The Weekly Standard criticized it for "misstatements of fact, leaps in logic, and pointlessly elaborate argumentation." When D'Souza's thesis first appeared as a piece in Forbes, one of the magazine's own columnists blasted D'Souza's "intellectual goofiness," "factual problems," and "unsubstantiated ideological accusations." The Columbia Journalism Review called D'Souza's piece "a fact-twisting, error-laden piece of paranoia" and a "singularly disgusting work."
And of today, the thesis is a movie. No, seriously.
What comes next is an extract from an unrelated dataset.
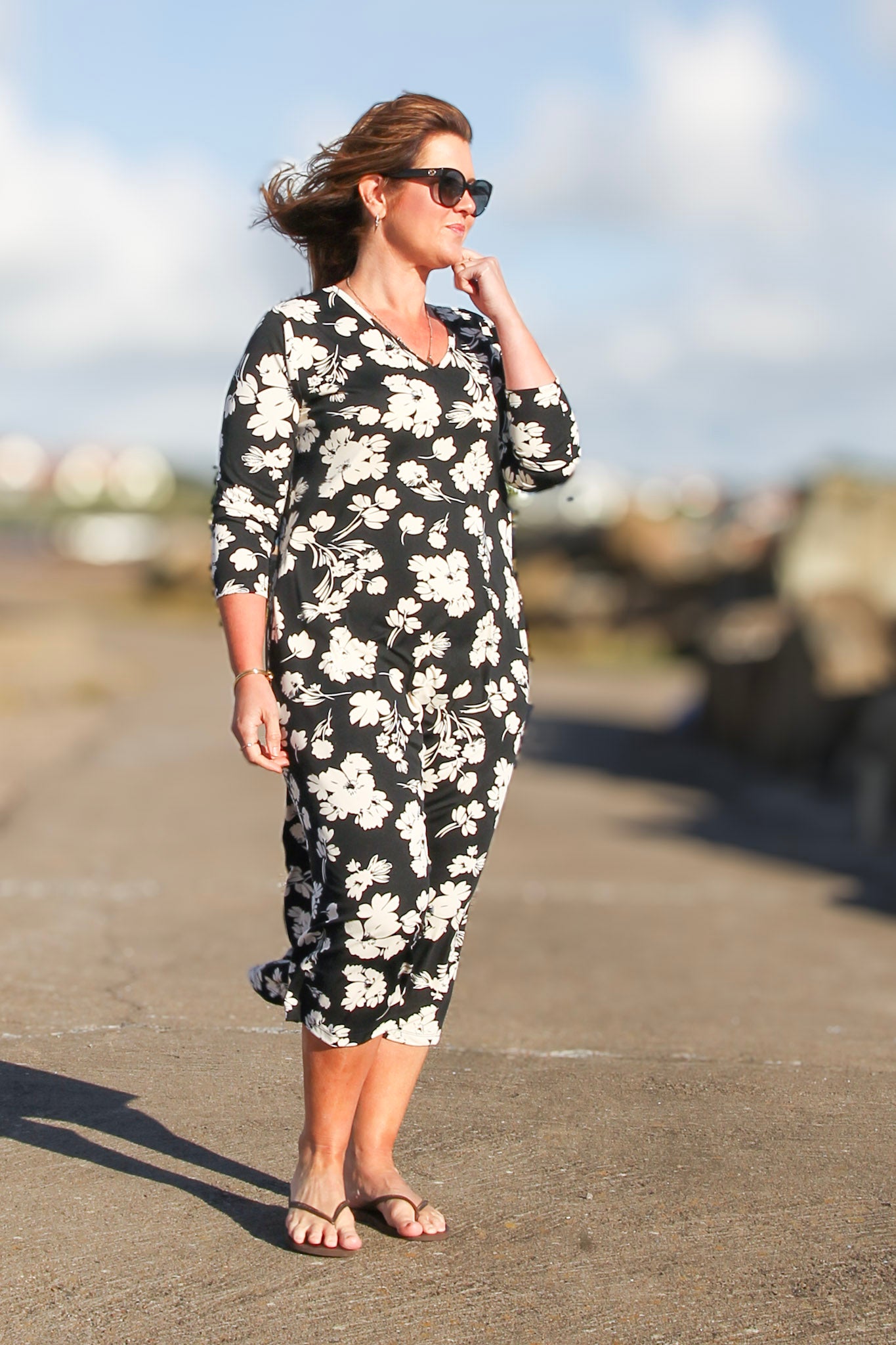 Black Floral Dress Riviera Olive Black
Here's the "trailer," which I assure you is not a parody.
The estimable Mariah Blake, my former colleague at the Washington Monthly, reported forSalon this week on how D'Souza's harangue found its way to filmmakers, boosted in part by millions of dollars he received from conservative benefactors, including TD Ameritrade founder Joe Ricketts.
As for the smear itself, the thesis is so deeply ridiculous, I'm not sure whether to be offended by the disgusting attack or to feel sorry for those foolish enough to be associated with such transparent nonsense.

Regardless, I can only assume the "movie" will do quite well -- it was produced by the maker of a 2008 anti-evolution documentary that ranks among the highest-grossing documentaries of all time.